Si la Argentina fuera una democracia “normal”, a esta altura el oficialismo, su interna casi concluida, habría cerrado filas en torno de lo que es, al fin y al cabo, su gobierno con el propósito de basar su campaña electoral en su obra. Pero aquí la democracia no es normal en absoluto: el oficialismo, ya encabezado por Eduardo Duhalde, no quiere saber nada de la obra de Carlos Menem; por el contrario, quiere hacer pensar que es la oposición auténtica y la Alianza un pobre simulacro. Así, pues, está reeditándose la situación de 1983 cuando peronistas y radicales competían hablando pestes del statu quo socioeconómico y éstos ganaron por parecer menos dispuestos a respetarlo. Claro, en aquel entonces el país era regido por una dictadura mientras que el gobierno actual, sus pecados no obstante, es indiscutiblemente legítimo.
Ningún sistema democrático puede operar con un mínimo de eficacia sin que haya un partido oficialista que se sienta plenamente comprometido con “su” gobierno. No puede porque gobernar siempre requiere poder y autoridad. Sin embargo, tanto Duhalde como líderes aliancistas como Graciela Fernández Meijide ya se han puesto a mofarse de Menem como si fuera una figurita decimonónica. En este clima, la ingobernabilidad, es decir, la anarquía, es mucho más que una fantasía menemista.

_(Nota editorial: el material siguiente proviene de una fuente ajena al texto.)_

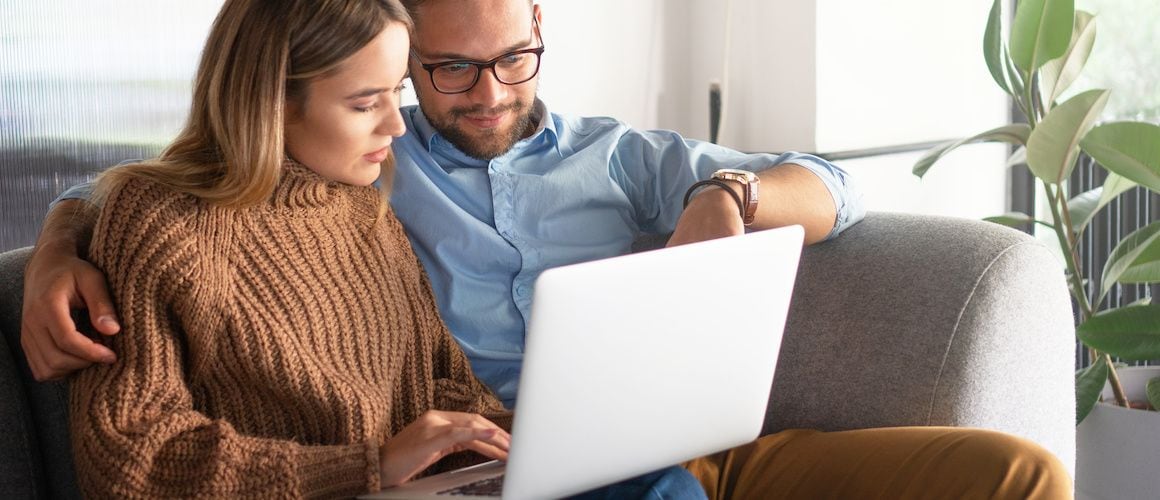 Smiling young couple using silver laptop while green houseplants sit on the wooden table behind them.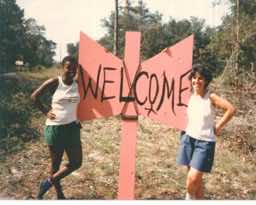 Two women holding a tall homemade pink plywood sign in the shape of a labrys, with Welcome painted on it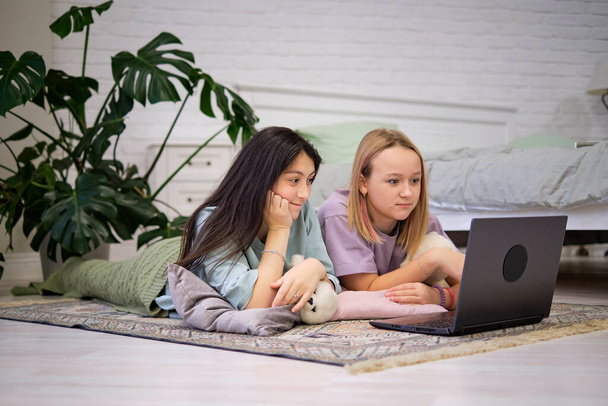 dvě dospívající dívky leží na podlaze ložnice a dívají se na film na notebooku. Koncept přátelství - Fotografie, Obrázek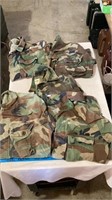 Various Army shirts unknown size.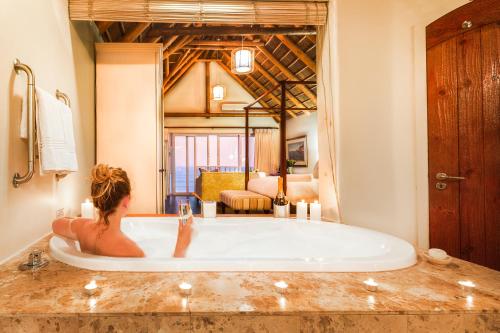 聖弗朗西斯灣的住宿－聖弗朗西斯金沙酒店，坐在一个房间里浴缸里的女人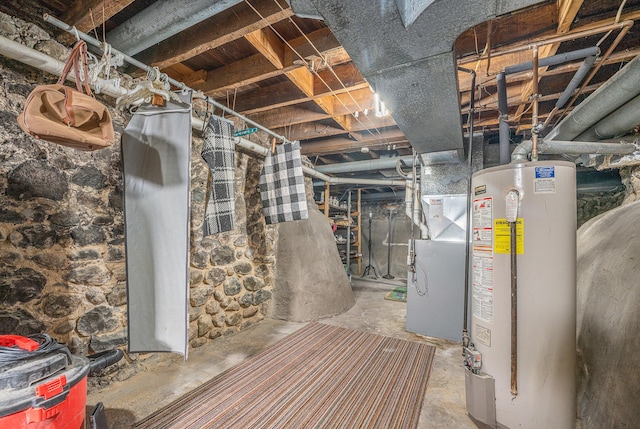 basement featuring heating unit and water heater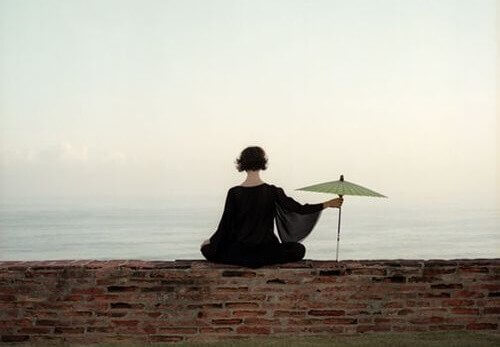 Eine Frau sitzt mit einem Regenschirm am Meer.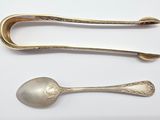 two silver spoons and a silver spoon on a white surface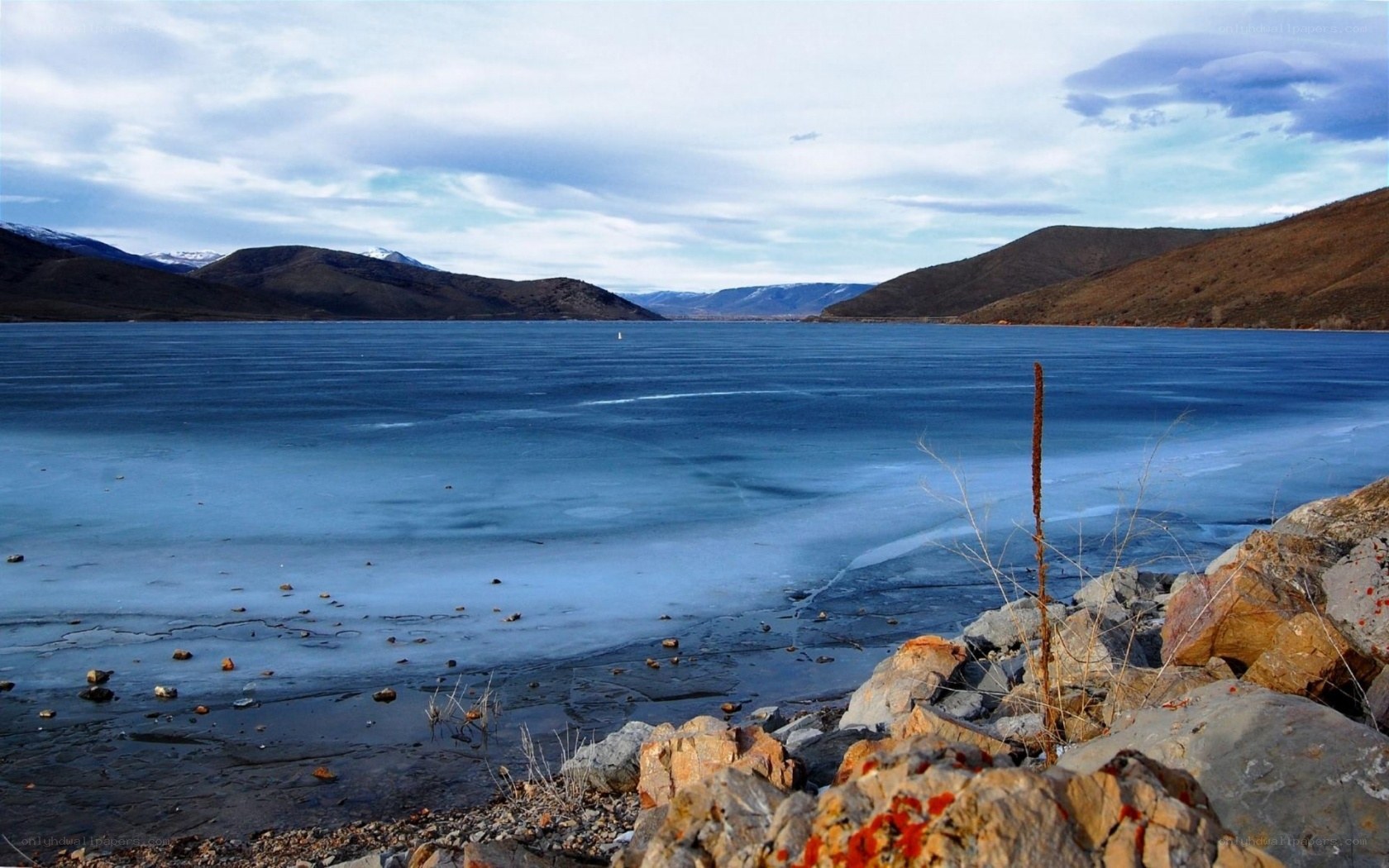 frozen lake with mountains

En la raíz de la peligrosa anemia institucional del país está el carácter caudillista del PJ, movimiento “verticalista” en el que sólo cabe un jefe supremo. Un aglomerado de este tipo no permite medias tintas: Menem tuvo que elegir entre pretender ser líder vitalicio y resignarse a no ser nadie. Por motivos comprensibles, apostó a la primera opción, obligando a quien aspiraba a desplazarlo a declararle la guerra en la que, gracias a la escasa popularidad del Presidente y a la Constitución, finalmente triunfó. Es que en movimientos de este tipo las transiciones ordenadas son imposibles: siempre es una cuestión de todo o nada, de “hegemonía” o derrota humillante.
Conciliar este esquema hiperpersonalista con la democracia no será sencillo, pero hasta que el peronismo deje de ser un movimiento en el que la “lealtad” importa más que cualquier otra virtud y la infalibilidad del líder es un artículo de fe para convertirse en un partido común, el país seguirá bailando al ritmo feroz de su interna. Por cierto, no le será dado contar con instituciones que funcionen adecuadamente cuando, como es habitual, los tiempos del peronismo no coinciden del todo con los fijados por el calendario democrático.